Though he’s no stranger to mainstream crap, Depp has consistently sought out roles that obscured his striking good looks. He’s played a cross-dressing filmmaker, a beatific unfinished creature with scissors for hands, and the king of gonzo journalism, among other things. According to James B. Stewart’s Disney War, Depp originally intended for his sashaying swashbuckler in Pirates Of The Caribbean to be another entry in his rogues’ gallery of cinematic grotesques. Depp and director Gore Verbinski initially envisioned Captain Jack Sparrow as a pirate whose nose had been lopped off in battle. Needless to say, Disney bosses were none too keen on the man who would later be named People’s Sexiest Man Alive twice in one decade playing a noseless pirate. So they compromised and let Depp give his breakthrough character Keith Richards’ boozy swagger, plus a sartorial style deeply indebted to mid-period Captain Lou Albano.

Depp spent much of the 1990s trying to purge memories of 21 Jump Street from the public consciousness with risky, challenging roles in offbeat fare. He was infinitely more comfortable spoofing and subverting his teen-idol image in movies like John Waters’ 1990 cult comedy Cry Baby than in playing it straight. So when it came time for Depp to make his 1997 directorial debut, he chose The Brave, a project that sounded less like a gritty independent film than like a parody of the kind of dreary downers that fills Sundance schedules year-in and year-out.

If you’ve never heard of The Brave, there’s good reason. Though it played Cannes and was released internationally, it’s never been released domestically, either theatrically or on DVD, which gives it a certain exotic, forbidden mystique. I was only able to secure a copy through the machinations of a MYOF operative who works at a nifty Los Angeles video store named Laser Blazer. It is human nature to want to seek out what is unavailable to us, even if the item in question is a beyond-bleak character study about an impoverished, alcoholic Native American ex-convict (Depp) who agrees to be tortured and killed on film in exchange for $15,000, to be given to his family following his death. The story sprang from an unlikely source: a 1991 novel by Gregory McDonald, best known as the man behind the long-running, lighthearted Fletch series.

The Brave opens with tribal drums playing over a long pan from imposing, oppressively sun-baked mountains to a squalid dump where children play in the garbage overlooking the sad little trailer where Depp lives with his family. The shot contrasts the majesty of nature with the tawdry, hopeless lives of Native Americans living forever in the shadow of genocide.

Depp’s family occupies the bottom rung of the socio-economic ladder. They aren’t quite homeless, though nobody would mistake a crowded little trailer with no running water for a home. Depp’s wife glares sullenly at him. His children lie in bed in a depressed stupor. Depp has accomplished nothing in his short life. He’s a career criminal, a boozer, and a spectral, often absent presence in the life of his wife and children.

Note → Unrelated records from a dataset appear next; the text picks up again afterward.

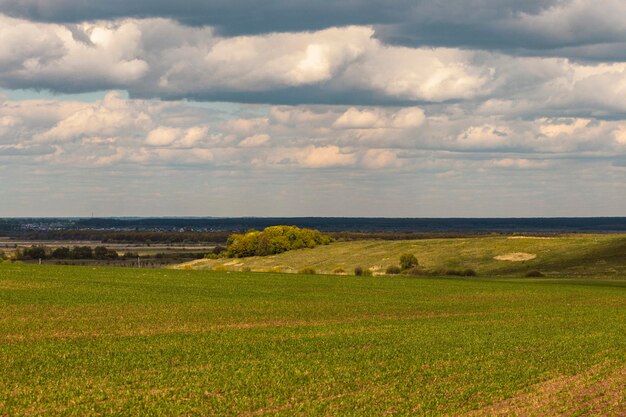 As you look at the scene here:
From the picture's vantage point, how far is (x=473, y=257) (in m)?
131

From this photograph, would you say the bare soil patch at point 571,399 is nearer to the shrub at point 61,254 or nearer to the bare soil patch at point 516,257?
the bare soil patch at point 516,257

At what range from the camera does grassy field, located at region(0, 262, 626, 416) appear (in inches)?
1017

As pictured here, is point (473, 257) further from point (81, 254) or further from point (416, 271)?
point (81, 254)

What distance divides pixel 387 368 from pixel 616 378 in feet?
26.5

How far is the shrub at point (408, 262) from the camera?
122188 millimetres

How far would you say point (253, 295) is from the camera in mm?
69312

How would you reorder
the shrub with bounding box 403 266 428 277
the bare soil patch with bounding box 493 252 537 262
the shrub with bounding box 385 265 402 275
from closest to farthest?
the shrub with bounding box 403 266 428 277
the shrub with bounding box 385 265 402 275
the bare soil patch with bounding box 493 252 537 262

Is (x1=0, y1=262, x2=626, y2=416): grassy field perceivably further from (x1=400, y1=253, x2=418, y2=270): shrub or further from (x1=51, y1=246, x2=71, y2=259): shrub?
(x1=51, y1=246, x2=71, y2=259): shrub

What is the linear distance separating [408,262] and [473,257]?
1317 cm

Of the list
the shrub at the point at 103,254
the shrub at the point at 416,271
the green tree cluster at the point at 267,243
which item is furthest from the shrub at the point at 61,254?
the shrub at the point at 416,271

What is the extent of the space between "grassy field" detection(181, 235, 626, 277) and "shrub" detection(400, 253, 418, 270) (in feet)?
5.31

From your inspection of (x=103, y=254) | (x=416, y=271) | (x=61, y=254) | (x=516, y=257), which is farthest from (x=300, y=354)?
(x=103, y=254)

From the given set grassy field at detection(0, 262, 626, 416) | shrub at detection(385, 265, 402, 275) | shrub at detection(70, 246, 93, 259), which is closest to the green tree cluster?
shrub at detection(70, 246, 93, 259)

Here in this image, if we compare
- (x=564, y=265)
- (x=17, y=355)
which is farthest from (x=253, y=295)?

At a bar one lost night, Depp is given an opportunity to redeem himself in the grimmest manner imaginable. He’s never been able to provide for his family through honest labor, but he’s given an opportunity to martyr himself for their sake by a wheelchair-bound, bolo-tie-sporting eccentric played by Marlon Brando.

Brando posits Depp’s onscreen death as both art and a spiritual catharsis. In one of the windy, clearly improvised, abstractly philosophical monologues that came to define his post-Great Gazoo career, Brando talks loftily of dying as a return to the essence, and a test of mettle and bravery. We are born into pain, he argues, so isn’t it fitting that we should die in pain as well? Isn’t being tortured and murdered on film for a few thousand dollars really just part of the great cycle of life? Besides, Brando has to make good on his promise to provide for Depp’s family in his absence, right? If you can’t trust snuff filmmakers, who can you trust?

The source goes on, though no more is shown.